例えば、粗し加工及びエンボス加工の両方を施した実施例1〜5の樹脂成形品の外観は「◎」又は「○」になっているのに対し、エンボス加工を施していない比較例1の樹脂成形品も、粗し加工を施していない比較例2の樹脂成形品もいずれも外観が「×」である。このことから、天然木と同等の外観を有する樹脂成形品を作製するためには、粗し加工及びエンボス加工の両方をこの順に実行することが必須であることがわかる。ただし、実施例6のように漆様塗料を塗布する場合には、例外的に粗し加工を施さなくても天然木と同等の外観を得ることができている。この理由は、おそらく漆様塗料が他のコーティング材に比べて厚膜に塗布されるので、当該漆様塗膜によって樹脂成形特有のプラスチック感のある平らな面が隠されることによるものと考えられる。
また比較例3の結果から、たとえ粗し加工及びエンボス加工の両方を実行したとしても樹脂成形品の表面全体に対してエンボス加工を施す場合には、外観において良好な評価結果が得られないことがわかった。この理由は、樹脂成形品1の全面に対してエンボス加工を施した場合には、粗し加工による筋模様4aがエンボス加工によって全て押し潰されてなくなってしまうことによるものと考えられる。このため、外観が良好な樹脂成形品を得るためには粗し加工による筋模様4aが僅かでも残るようにエンボス加工を施す必要があると言える。そして、実施例1及び5と比較例1及び3とを対比する限りでは、良好な外観を得るためには、エンボス加工を施す部分(すなわちエンボス部3)の面積を20%以上80%以下にすべきことが導き出される。
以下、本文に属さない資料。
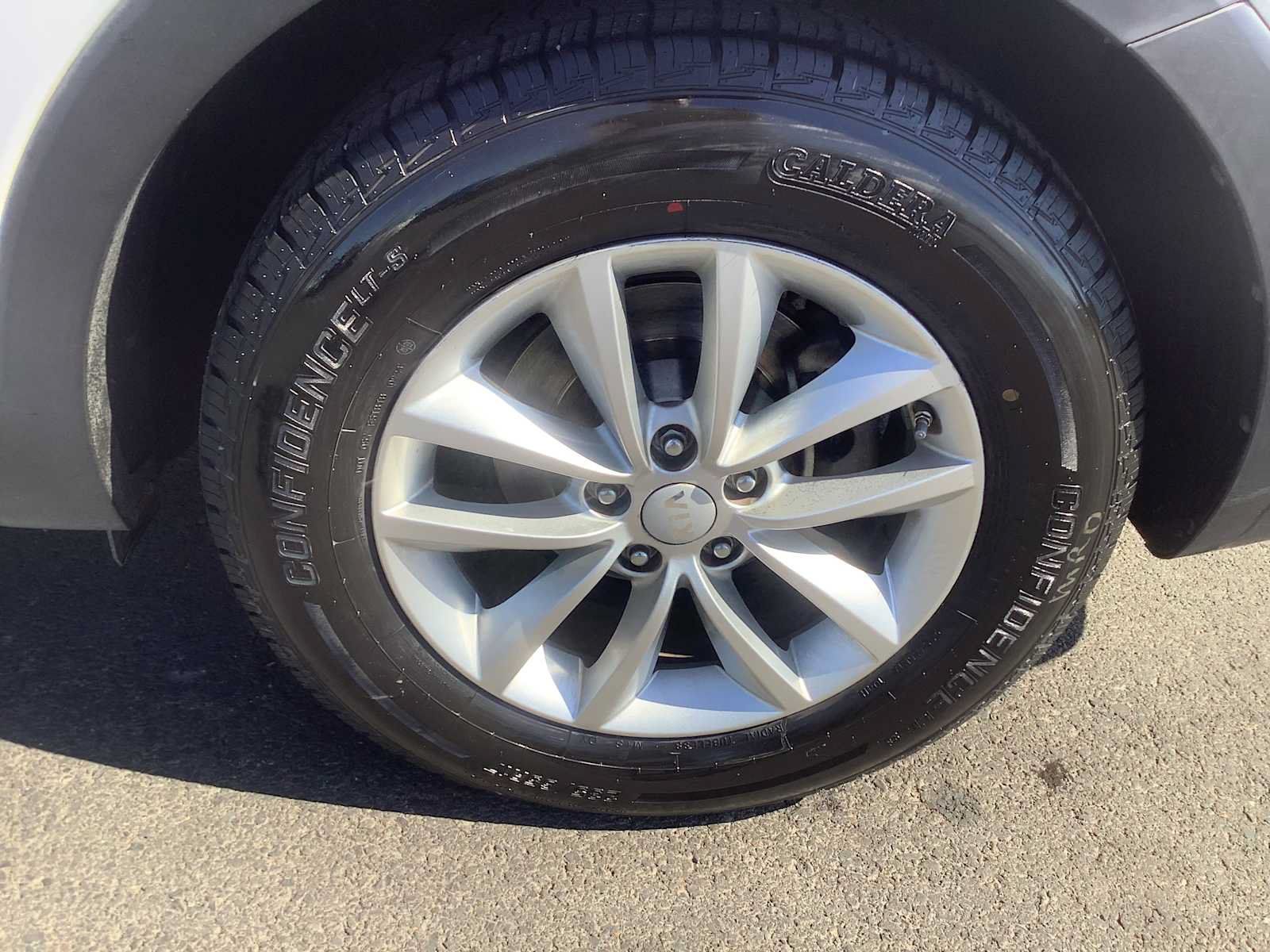 Used 2017 Kia Sorento AWD image 8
また粗し加工とエンボス加工の両方を行った実施例1〜5及び比較例3の樹脂成形品においては、水捌け性が「○」であったのに対し、粗し加工のみの比較例1やエンボス加工のみの実施例6及び比較例2の樹脂成形品では、水捌け性が「×」となっている。この理由は、粗し加工によって形成された筋模様によって樹脂成形品の表面に付着した水がその表面に馴染んで広がりやすくなったことと、エンボス加工によって形成された凹凸によって水が外側に排出されやすくなったこととが相俟って樹脂成形品の表面に水分が残りにくくなったことによるものと考えられる。このことから水捌け性が良好な樹脂成形品を得るためには、上記粗し加工とエンボス加工の両方が必須であることが明らかとなった。
(変形例)
上記実施形態では、ロールコーターによって樹脂成形品の表面に塗料を塗布する場合を説明したが、塗料の塗布方法は上記ロールコーターに限られず、ハケ塗り、グラビアコーター、スピンコーター、スプレー塗装等の各種のコーティング法を用いることができる。
上記各実施形態では、梯子状の中空断面を有する樹脂成形品1を例示したが、本発明の樹脂成形品1は種々の断面形状を有することが可能であり、例えば中実断面を有した樹脂成形品1であってもよい。
上記各実施形態では、ベース部材1aと表層1bとを有する二層構造の樹脂成形品1を例示したが、本発明の樹脂成形品1は二層構造に限られず、例えば単層構造であってもよい。
上記各実施形態では、長手方向に真っ直ぐ延びる樹脂成形品1を例示したが、本発明の樹脂成形品は直線状に延びるものに限られず、例えば曲線に沿って湾曲しつつ延びる形状であってもよい。また、樹脂成形品1の幅寸法は一定である必要はなく、場所によって異なる幅を有するものであってもよい。
上記実施形態では、エンボスロール11を加熱することによって樹脂成形品1の表面にエンボス部を形成したが、このようなエンボス部の形成方法に限られず、樹脂成形品1の表層1bを加熱して表層1bの表面を変形しやすい状態とした上で、当該表層1bに、木目柄が表面に施されたエンボスロールを押し付けながら、当該エンボスロールを転がすことによってエンボス部を形成してもよい。